MLServer
MLServer copied to clipboard
Adaptive batching leads to parameters being cut off
Hi, I observed some weird behavior when using the REST API with adaptive batching enabled.
When sending a single request to the v2 REST endpoint /v2/models/<MODEL>/infer the Parameters within the responseOutput are cut off. If a parameter is not an iterable, a TypeError is raised: e.g. TypeError: 'int' object is not iterable
Note that this only happens when:
- Adaptive batching is enabled
- A single request is sent within the
max_batch_timetime window
How to Reproduce:
# model.py
from mlserver import MLModel
from mlserver.types import InferenceResponse, ResponseOutput, InferenceRequest
class EchoModel(MLModel):
async def load(self):
return True
async def predict(self, payload: InferenceRequest):
request_input = payload.inputs[0]
# return the payload input as output
output = ResponseOutput(**request_input.dict())
return InferenceResponse(model_name=self.name, outputs=[output])
// model-settings.json
{
"name": "echoModel",
"max_batch_time": 2,
"max_batch_size": 32,
"implementation": "model.EchoModel"
}
Request Body:
// POST to localhost:8080/v2/models/echoModel/infer
{
"inputs": [{
"name": "docs",
"shape": [2],
"datatype": "INT32",
"parameters": {
"id": "123"
},
"data": [10,11]
}]
}
Expected behavior: EchoModel returns the RequestInput as Output.

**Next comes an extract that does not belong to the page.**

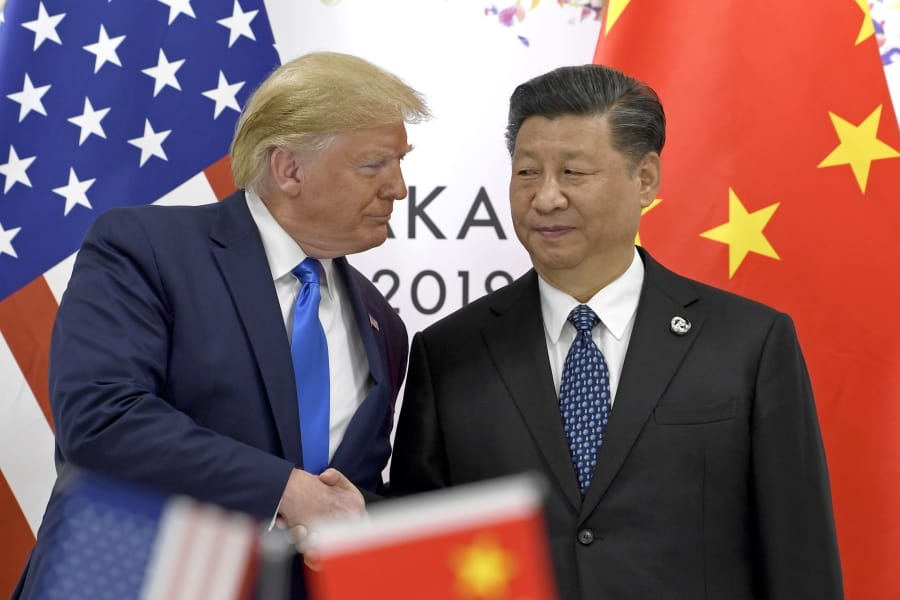 FILE - In this June 29, 2019, file photo, U.S. President Donald Trump, left, shakes hands with Chinese President Xi Jinping during a meeting on the sidelines of the G-20 summit in Osaka, western Japan. Facing another U.S. tariff hike, Xi is getting tougher with Washington instead of backing down. Both sides have incentives to settle a trade war that is battering exporters on either side of the Pacific and threatening to tip the global economy into recession.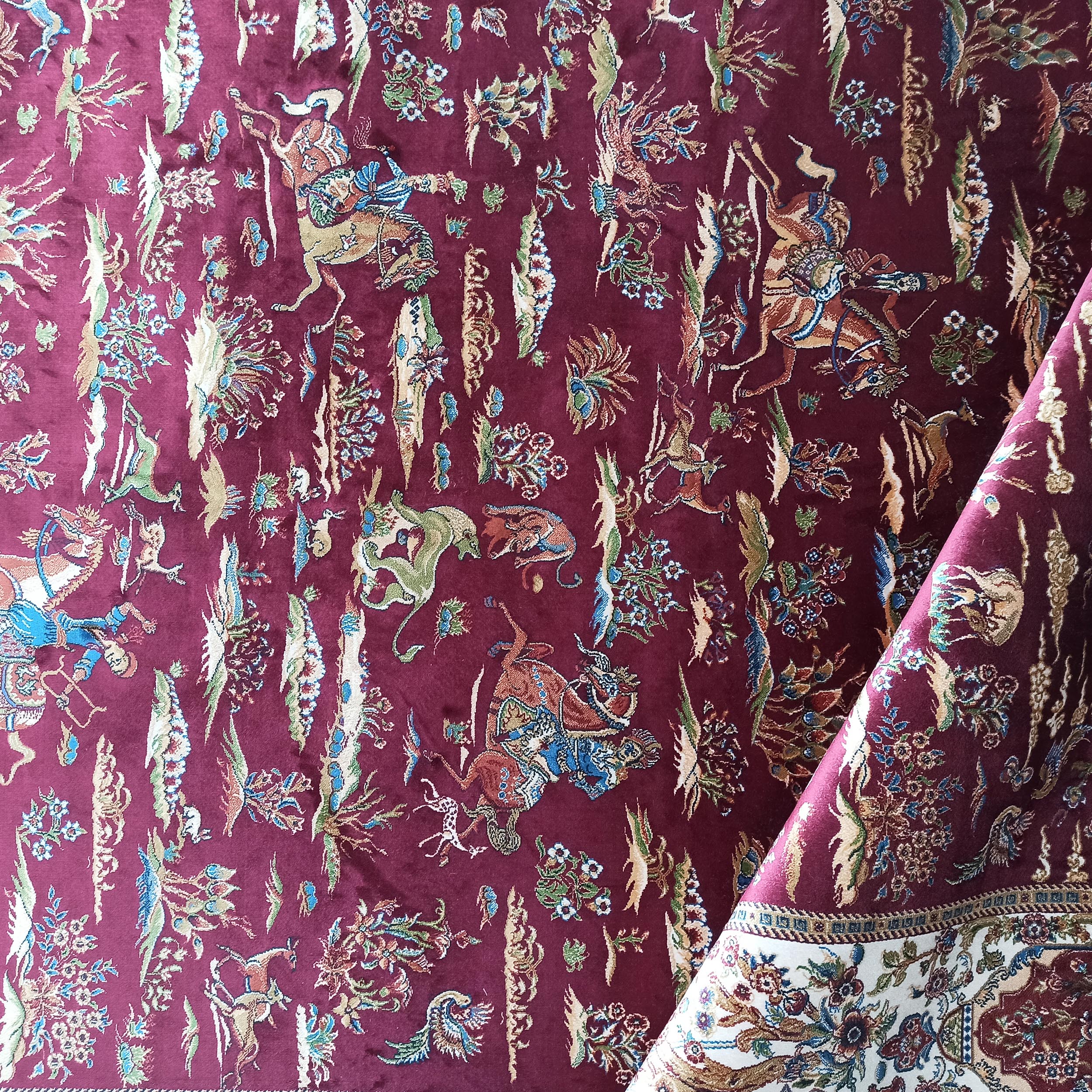 Tapis bordeaux à motifs traditionnels détaillés, figuratifs et floraux. Sa bordure repliée révèle un décor crème et bleu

Actual behavior: Parameter in the output are cut off or TypeError is raised
Examples:
- input parameters:
{"custom-param": "123"}--> output parameters:{"custom-param": "1"} - input parameters:
{"custom-params": ["123", "456"]}--> output parameters:{"custom-param": "123"} - input parameters:
{"custom-param": 123 }-->TypeError: 'int' object is not iterable
It seems like the Parameters are unbatched even if they were never batched in the first place.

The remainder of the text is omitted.